TASK DATA:
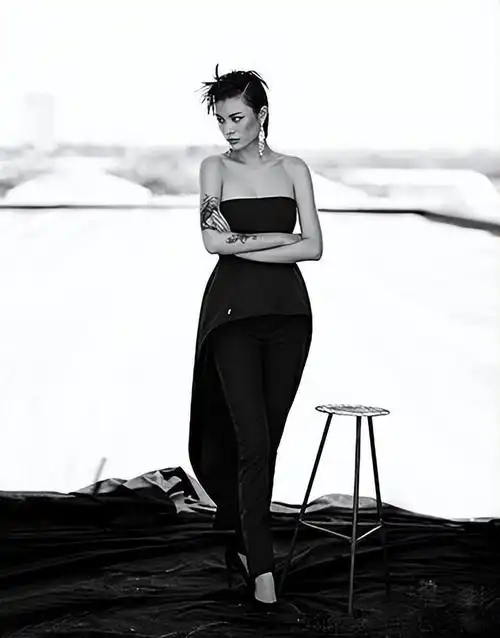 汪峰女儿小苹果近照曝光,离开章子怡后风格大变,受父亲影响大|袁心玥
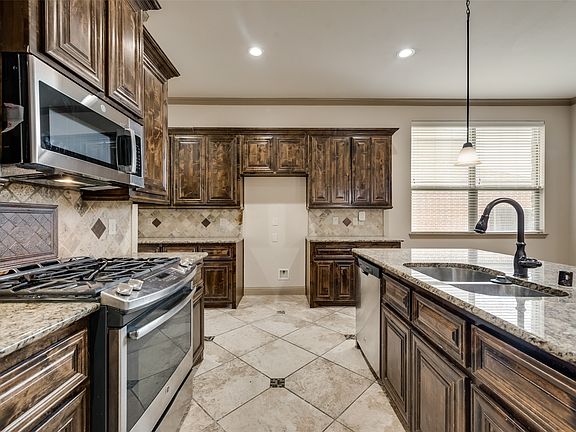 3rd image of 3132 Marble Falls Dr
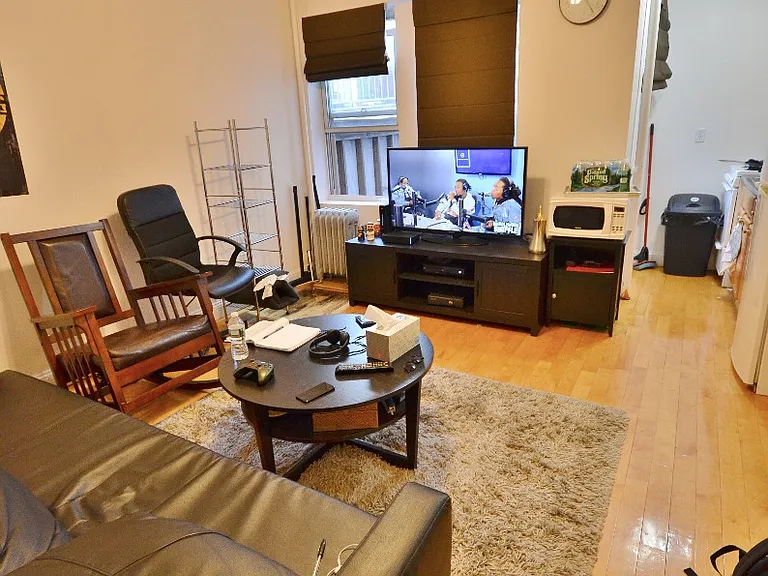 47 Symphony Rd #403 — Photo 2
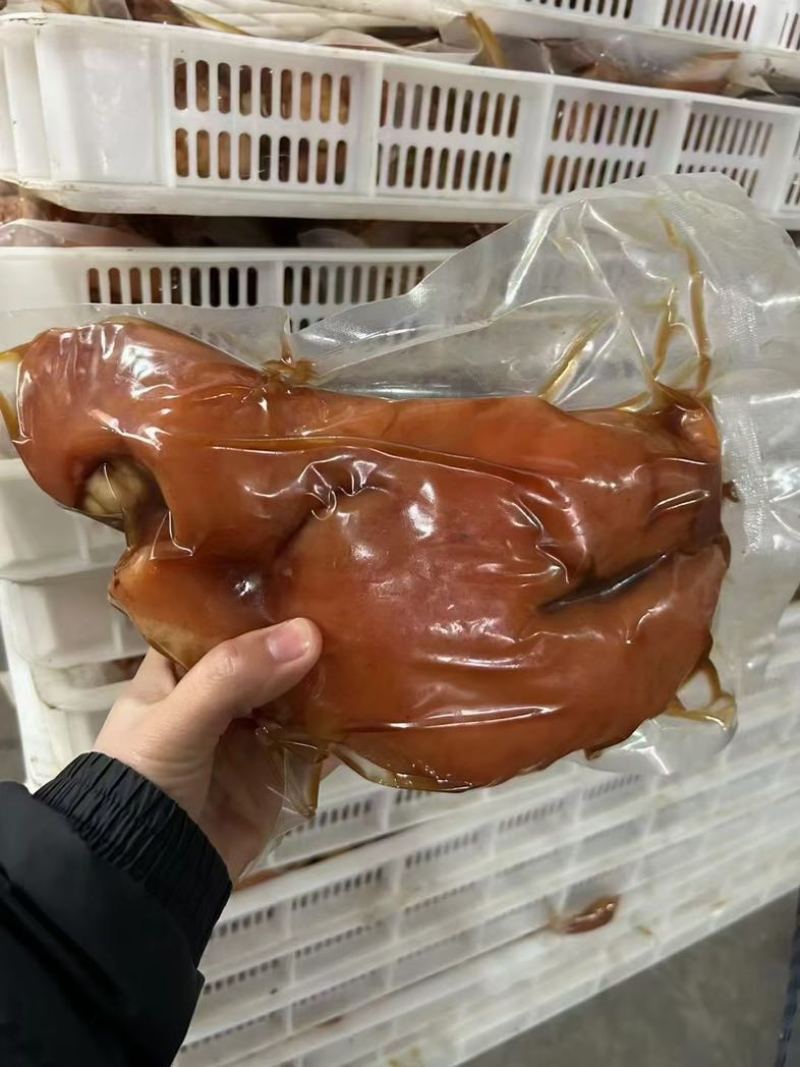 全熟猪头肉，干净无毛，大厂生产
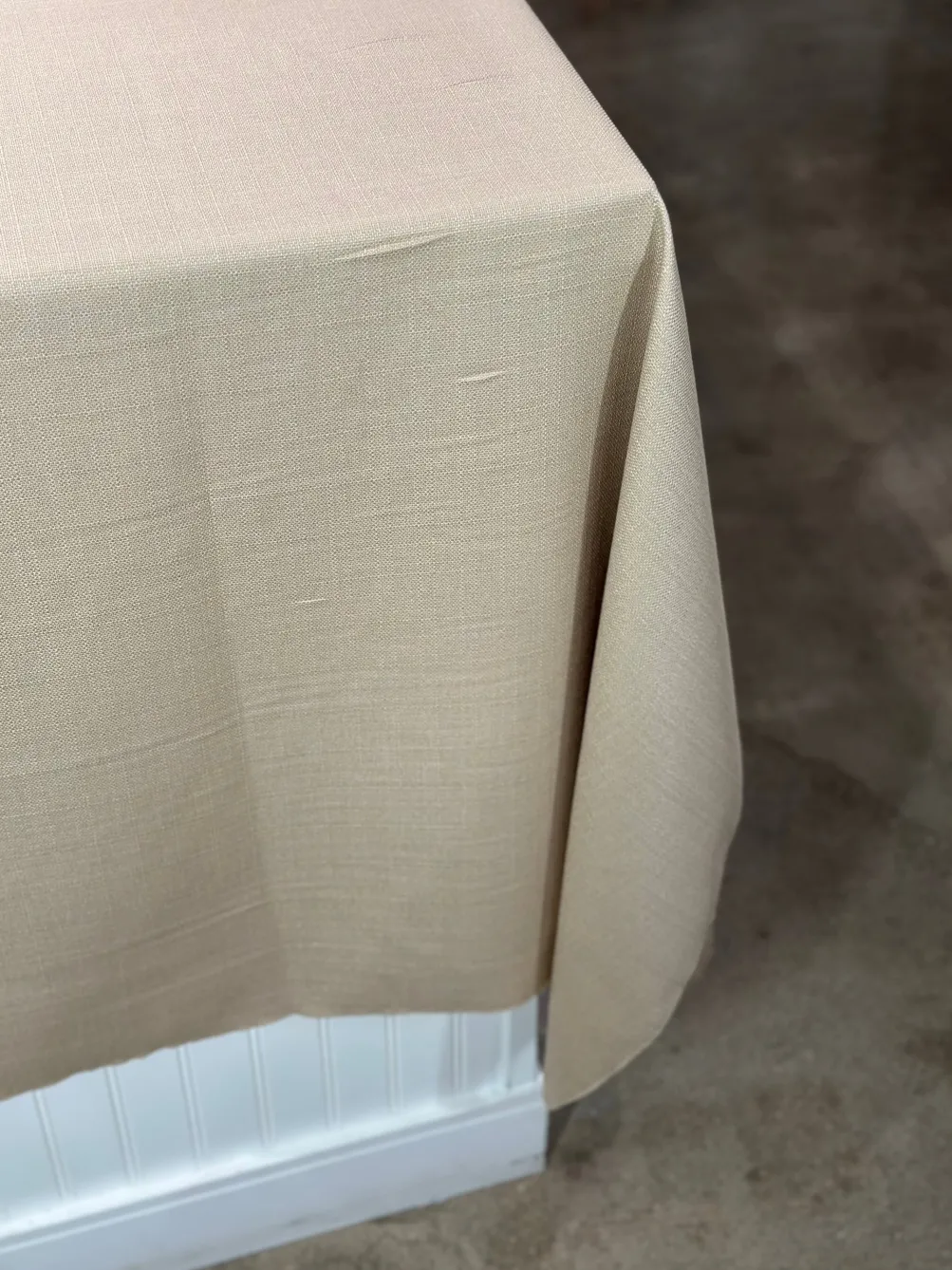 1pc - Rustic Linen Table Linen 120" Round - Wheat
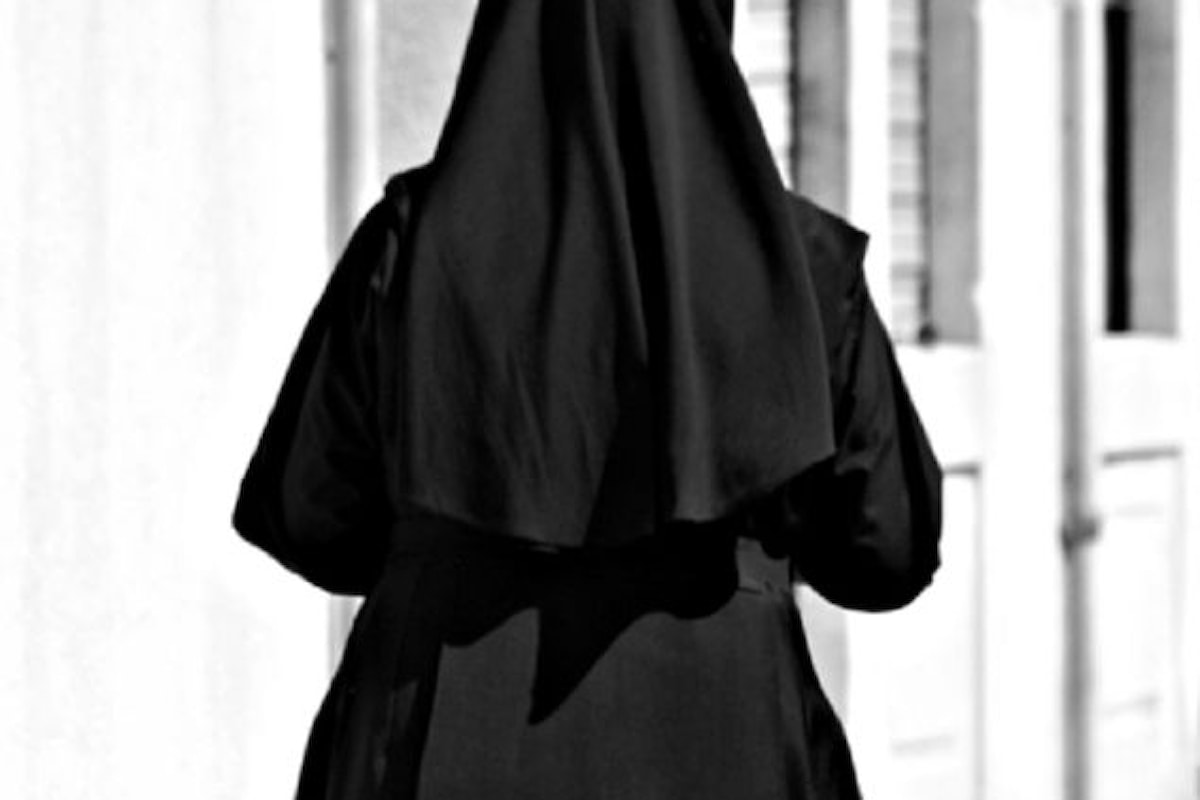 Vorrei risorgere dalle mie ferite: Un'analisi approfondita sugli abusi e le donne consacrate nella Chiesa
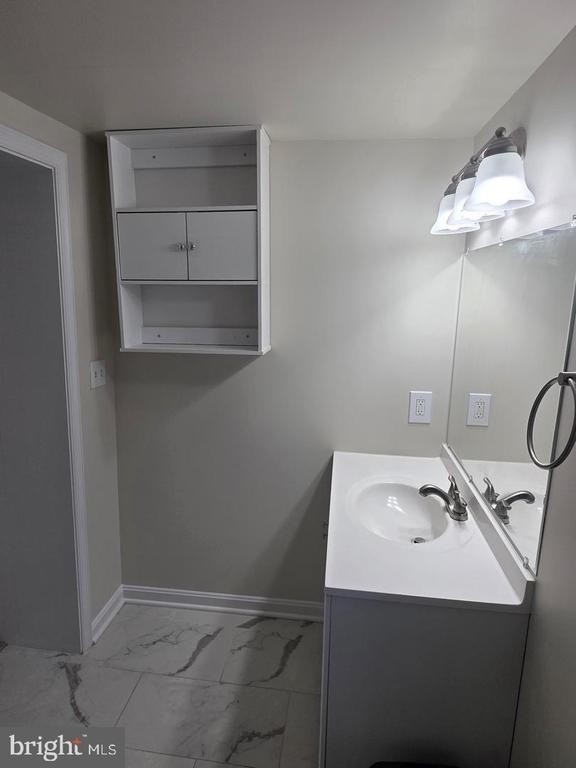480 W South Street - Photo 10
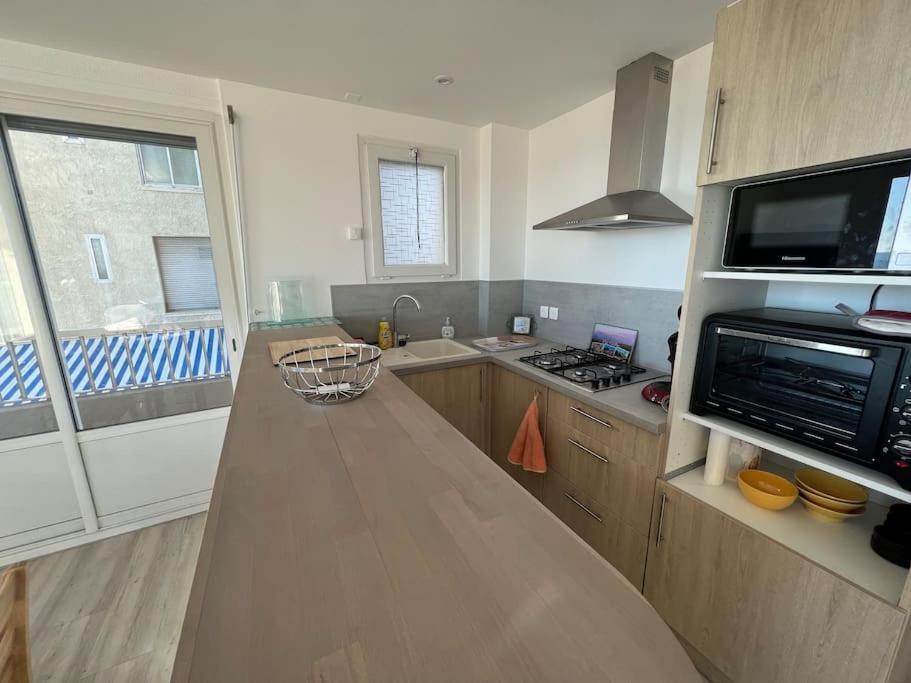 Le Carrousel - Apt Vue Mer - Plage A 10 M - Clim - Wifi Canet-en-Roussillon Exteriör bild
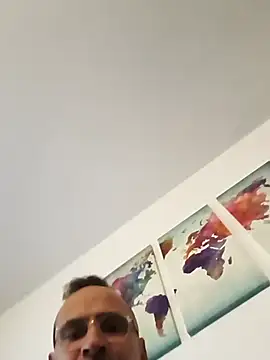 Snapshot of bobo672 chatting on February 6, 2026, 7:23 am bobo672 online show from February 6, 2026, 7:23 am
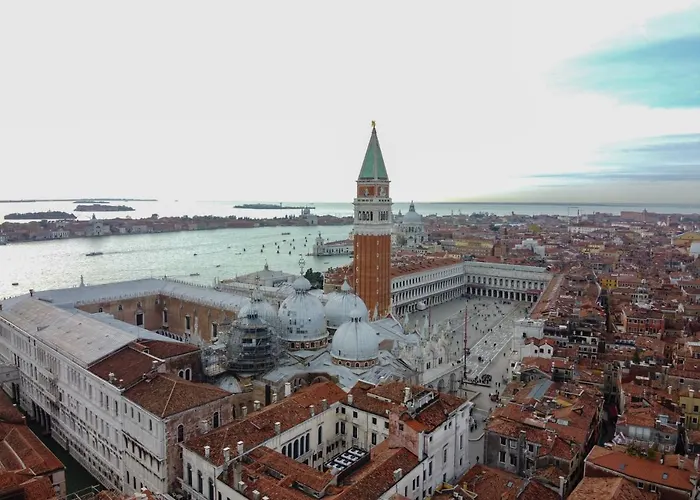Rooftop San Marco - Tower View Apartment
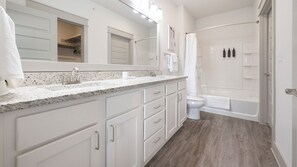 Apartment (1 Bedroom) | Bathroom | Free toiletries, hair dryer, towels, soap - Landing Furnished Apartments - Rockport (Rockport)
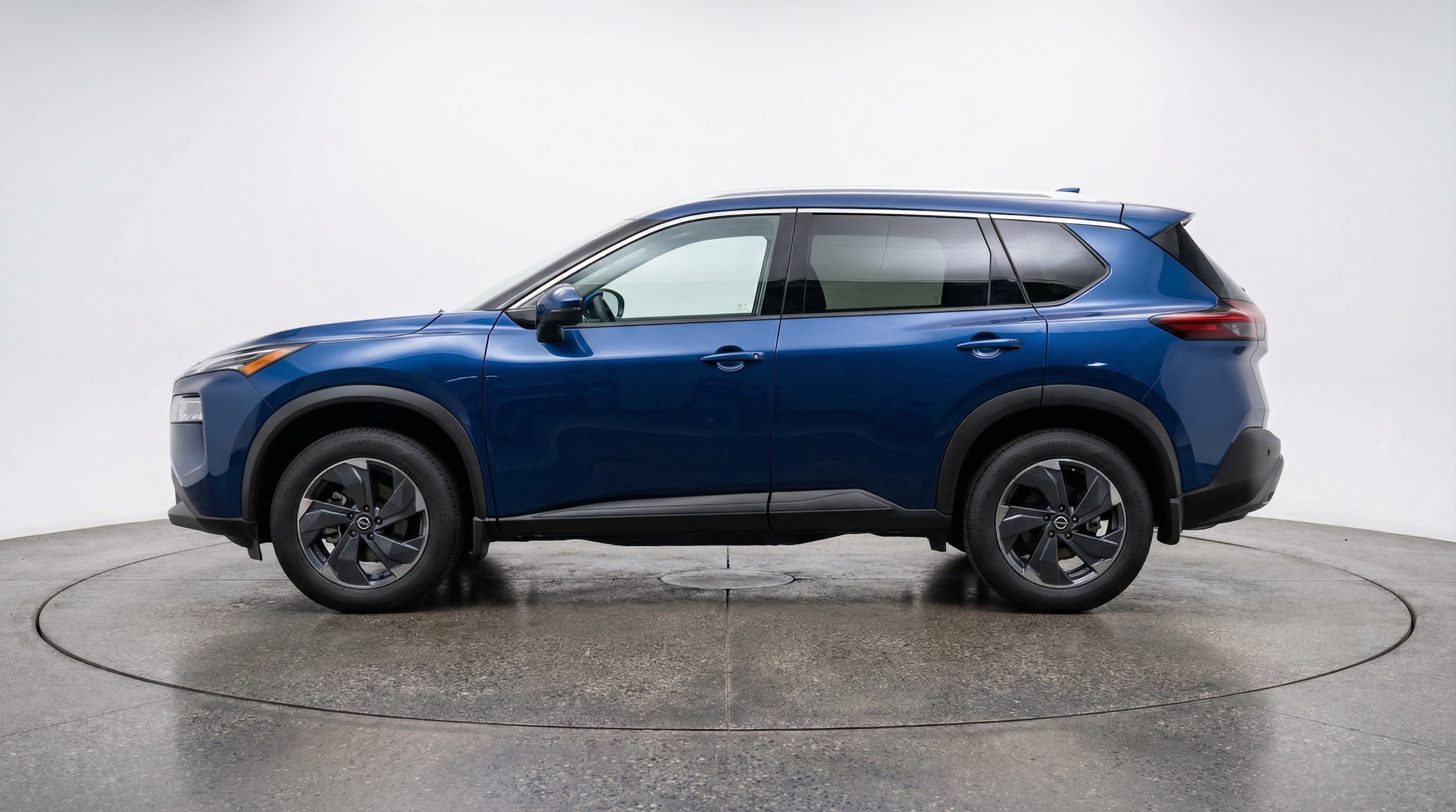 Thumbnail: 2025 Nissan Rogue - 4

WHAT YOU NEED TO DO: Start at the top of the entries and repeat each line exactly, ending at the line that contains "480 W South Street - Photo 10". Pictures are not part of the copy.

EXERCISE SOLUTION:
 汪峰女儿小苹果近照曝光,离开章子怡后风格大变,受父亲影响大|袁心玥
 3rd image of 3132 Marble Falls Dr
 47 Symphony Rd #403 — Photo 2
 全熟猪头肉，干净无毛，大厂生产
 1pc - Rustic Linen Table Linen 120" Round - Wheat
 Vorrei risorgere dalle mie ferite: Un'analisi approfondita sugli abusi e le donne consacrate nella Chiesa
480 W South Street - Photo 10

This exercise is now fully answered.